Joël Dicker's second novel La Vérité sur L'Affaire Harry Quebert (translated quite literally as The Truth about the Harry Quebert Affair) reminds me (merely thematically) a great deal of Rostand's Cyrano de Bergerac, and not a little of Nabokov's Lolita. But then, this 855-page novel is also a detective story, a mystery, whodunnit, a love story, and a kind of hymn in praise of writing. On the back cover of the poche edition, Bernard Pivot says that you're hooked by the twists, red herrings and coups de théâtre as soon as you stick your nose inside it. It also scooped le Prix Goncourt des lycéens for 2012. So, is it so brilliant, worth ploughing through all those pages for?
I had serious doubts, so have avoided the book until it fell into my hands free of charge. Indisputably, this book is written with dollars in mind: OK, France has a long love story with America, and even Sartre loved Hollywood cartoons. But this novel seems to be specifically written with screenplay mode in mind, easy on the language, easy on the violence, only hints of paedophilia to disturb the peace.
And yet there is so much here, as I suppose you'd expect from such a huge book: a fifteen-year-old girl changed from a nymphomaniac into a beaten child, then transmogrified into a schizophrenic mother-killer; the obvious suspect soon released from jail to make way for many other suspects; obvious villains turned into not exactly saints but hugely worthy citizens; everything is turned around, expectations are continually mocked.

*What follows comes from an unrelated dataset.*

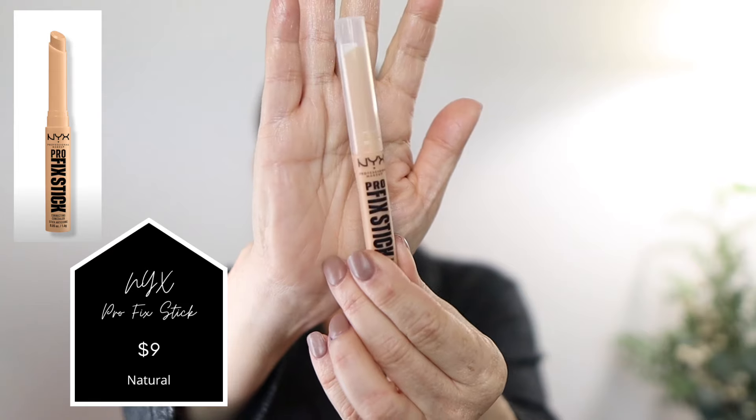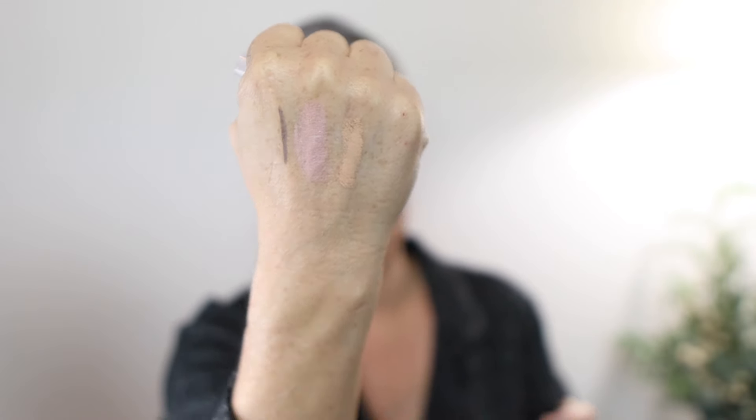The concealer I'm going to use is the NYX Pro Fix Stick, which just released. I got it in the color Natural. I'm going to use my fingertips to just pat it in — not dragging too much — just to give a little coverage and cover up some of that discoloration. Then I'll go ahead and do my foundation first.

There's a left-wing current running throughout this novel, and I'm pleased that the really bad guys in the end are the cops. But great literature? Do me a favour: this is a great book to read in idle moments, but it is definitely not a wonderfully written book: it's a good read, certainly a page-turner, but Joël Dicker's novel is not a book full of wonderful insights and ideas: it's just a beach/airport read. And far too long at that.